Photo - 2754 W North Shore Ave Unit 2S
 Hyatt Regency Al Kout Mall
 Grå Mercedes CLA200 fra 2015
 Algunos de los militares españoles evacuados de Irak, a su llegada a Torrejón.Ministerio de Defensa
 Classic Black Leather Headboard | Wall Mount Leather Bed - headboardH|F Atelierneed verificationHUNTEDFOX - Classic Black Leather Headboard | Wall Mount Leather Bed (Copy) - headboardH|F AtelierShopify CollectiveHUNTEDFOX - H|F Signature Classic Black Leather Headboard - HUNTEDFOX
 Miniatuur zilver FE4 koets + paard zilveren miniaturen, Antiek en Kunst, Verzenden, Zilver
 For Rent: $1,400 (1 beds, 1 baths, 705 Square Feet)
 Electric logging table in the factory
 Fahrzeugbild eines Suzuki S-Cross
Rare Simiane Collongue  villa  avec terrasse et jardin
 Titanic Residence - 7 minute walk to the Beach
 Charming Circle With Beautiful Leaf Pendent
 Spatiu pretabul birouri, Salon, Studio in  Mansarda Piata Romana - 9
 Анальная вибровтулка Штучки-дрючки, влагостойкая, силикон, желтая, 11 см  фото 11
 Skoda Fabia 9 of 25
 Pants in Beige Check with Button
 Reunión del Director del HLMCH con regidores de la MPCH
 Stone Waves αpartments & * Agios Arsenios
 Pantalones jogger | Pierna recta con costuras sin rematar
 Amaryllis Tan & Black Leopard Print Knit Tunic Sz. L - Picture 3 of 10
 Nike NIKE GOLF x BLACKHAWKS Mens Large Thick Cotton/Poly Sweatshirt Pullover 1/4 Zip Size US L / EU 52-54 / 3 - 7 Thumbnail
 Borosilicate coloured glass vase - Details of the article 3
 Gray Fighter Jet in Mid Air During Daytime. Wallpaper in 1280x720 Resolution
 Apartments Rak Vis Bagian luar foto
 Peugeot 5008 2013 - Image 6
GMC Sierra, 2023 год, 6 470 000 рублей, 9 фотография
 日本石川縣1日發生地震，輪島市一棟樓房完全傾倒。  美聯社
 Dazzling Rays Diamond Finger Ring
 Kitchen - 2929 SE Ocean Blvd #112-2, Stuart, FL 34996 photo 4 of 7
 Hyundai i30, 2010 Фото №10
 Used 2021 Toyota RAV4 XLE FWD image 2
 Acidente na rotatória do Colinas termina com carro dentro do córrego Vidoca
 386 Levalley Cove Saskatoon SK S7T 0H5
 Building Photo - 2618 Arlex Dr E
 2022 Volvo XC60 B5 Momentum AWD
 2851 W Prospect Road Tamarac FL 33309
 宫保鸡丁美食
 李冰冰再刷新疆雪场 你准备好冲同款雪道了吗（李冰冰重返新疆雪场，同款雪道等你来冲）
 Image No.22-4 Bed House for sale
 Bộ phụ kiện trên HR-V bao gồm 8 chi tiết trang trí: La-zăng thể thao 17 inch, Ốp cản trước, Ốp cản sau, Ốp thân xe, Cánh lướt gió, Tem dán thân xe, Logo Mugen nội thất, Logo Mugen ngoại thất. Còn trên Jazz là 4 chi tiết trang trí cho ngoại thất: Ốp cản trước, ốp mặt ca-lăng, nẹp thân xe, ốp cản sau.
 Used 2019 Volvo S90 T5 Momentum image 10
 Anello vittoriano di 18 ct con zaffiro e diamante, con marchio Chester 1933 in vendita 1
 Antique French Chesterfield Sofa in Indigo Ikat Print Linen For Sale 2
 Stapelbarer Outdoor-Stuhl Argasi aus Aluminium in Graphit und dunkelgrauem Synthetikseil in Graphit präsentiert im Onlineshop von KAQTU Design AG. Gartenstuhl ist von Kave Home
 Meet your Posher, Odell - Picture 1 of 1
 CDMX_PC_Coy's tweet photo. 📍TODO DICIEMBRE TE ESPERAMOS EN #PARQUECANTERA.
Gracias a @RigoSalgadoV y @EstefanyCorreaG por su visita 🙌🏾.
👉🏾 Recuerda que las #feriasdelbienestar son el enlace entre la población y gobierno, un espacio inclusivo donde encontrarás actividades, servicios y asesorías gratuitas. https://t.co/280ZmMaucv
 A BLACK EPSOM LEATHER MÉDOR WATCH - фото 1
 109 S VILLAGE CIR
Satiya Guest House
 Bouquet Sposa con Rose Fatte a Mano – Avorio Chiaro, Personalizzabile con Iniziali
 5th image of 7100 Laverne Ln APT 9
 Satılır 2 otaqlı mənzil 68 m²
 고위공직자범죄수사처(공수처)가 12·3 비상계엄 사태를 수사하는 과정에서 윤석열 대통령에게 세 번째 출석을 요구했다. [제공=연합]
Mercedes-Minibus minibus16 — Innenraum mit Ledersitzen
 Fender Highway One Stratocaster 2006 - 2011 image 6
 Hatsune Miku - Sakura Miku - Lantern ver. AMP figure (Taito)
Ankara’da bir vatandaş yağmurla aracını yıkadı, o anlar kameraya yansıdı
--------
Work instructions. Beginning at the line above that contains "For Rent: $1,400", return each line exactly through the line that contains "силикон, желтая, 11", and no others.

Written answer.
 For Rent: $1,400 (1 beds, 1 baths, 705 Square Feet)
 Electric logging table in the factory
 Fahrzeugbild eines Suzuki S-Cross
Rare Simiane Collongue  villa  avec terrasse et jardin
 Titanic Residence - 7 minute walk to the Beach
 Charming Circle With Beautiful Leaf Pendent
 Spatiu pretabul birouri, Salon, Studio in  Mansarda Piata Romana - 9
 Анальная вибровтулка Штучки-дрючки, влагостойкая, силикон, желтая, 11 см  фото 11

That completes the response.